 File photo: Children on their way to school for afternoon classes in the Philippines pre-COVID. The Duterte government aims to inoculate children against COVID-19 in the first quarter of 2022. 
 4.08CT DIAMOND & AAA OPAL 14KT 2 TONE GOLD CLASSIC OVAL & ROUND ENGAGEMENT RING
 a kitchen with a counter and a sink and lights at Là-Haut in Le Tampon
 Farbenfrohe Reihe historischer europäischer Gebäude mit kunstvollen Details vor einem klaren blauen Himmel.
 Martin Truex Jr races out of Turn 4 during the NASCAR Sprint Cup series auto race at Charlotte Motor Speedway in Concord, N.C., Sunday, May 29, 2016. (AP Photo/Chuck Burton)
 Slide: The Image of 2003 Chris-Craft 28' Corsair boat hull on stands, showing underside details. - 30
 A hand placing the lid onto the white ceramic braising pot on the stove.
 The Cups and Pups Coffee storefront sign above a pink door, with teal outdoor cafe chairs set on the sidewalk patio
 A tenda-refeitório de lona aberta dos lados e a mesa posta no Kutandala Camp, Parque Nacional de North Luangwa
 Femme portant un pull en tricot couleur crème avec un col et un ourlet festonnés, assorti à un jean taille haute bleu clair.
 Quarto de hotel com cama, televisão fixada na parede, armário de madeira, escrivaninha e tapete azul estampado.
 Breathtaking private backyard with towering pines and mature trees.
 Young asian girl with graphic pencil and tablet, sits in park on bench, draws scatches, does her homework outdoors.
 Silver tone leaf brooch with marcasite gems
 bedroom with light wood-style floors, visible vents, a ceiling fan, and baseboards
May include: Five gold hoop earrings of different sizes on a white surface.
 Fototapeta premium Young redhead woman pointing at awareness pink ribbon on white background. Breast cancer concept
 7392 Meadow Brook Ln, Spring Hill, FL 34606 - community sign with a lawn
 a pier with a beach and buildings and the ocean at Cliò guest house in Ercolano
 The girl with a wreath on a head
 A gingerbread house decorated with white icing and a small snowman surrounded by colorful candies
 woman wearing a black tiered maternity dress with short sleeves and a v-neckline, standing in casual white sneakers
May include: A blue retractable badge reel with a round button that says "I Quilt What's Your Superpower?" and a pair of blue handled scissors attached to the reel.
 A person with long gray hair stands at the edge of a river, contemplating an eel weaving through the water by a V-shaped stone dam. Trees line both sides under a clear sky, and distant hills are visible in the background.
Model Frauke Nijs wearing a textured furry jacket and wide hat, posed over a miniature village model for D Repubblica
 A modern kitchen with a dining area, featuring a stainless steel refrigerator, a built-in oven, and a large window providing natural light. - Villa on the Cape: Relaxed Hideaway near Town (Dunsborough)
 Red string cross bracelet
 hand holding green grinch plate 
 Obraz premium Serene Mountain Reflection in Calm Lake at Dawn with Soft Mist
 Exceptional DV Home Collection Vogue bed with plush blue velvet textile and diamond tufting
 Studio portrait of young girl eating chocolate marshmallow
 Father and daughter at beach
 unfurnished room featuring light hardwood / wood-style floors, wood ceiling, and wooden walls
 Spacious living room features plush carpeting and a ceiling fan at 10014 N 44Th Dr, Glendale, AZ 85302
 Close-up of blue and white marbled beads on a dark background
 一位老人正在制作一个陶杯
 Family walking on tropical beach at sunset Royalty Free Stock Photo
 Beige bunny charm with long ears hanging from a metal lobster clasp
※ ※ ※
_What this task involves_
Check every line above for the word "pink" and copy those that have it.

_Response box_
 The Cups and Pups Coffee storefront sign above a pink door, with teal outdoor cafe chairs set on the sidewalk patio
 Fototapeta premium Young redhead woman pointing at awareness pink ribbon on white background. Breast cancer concept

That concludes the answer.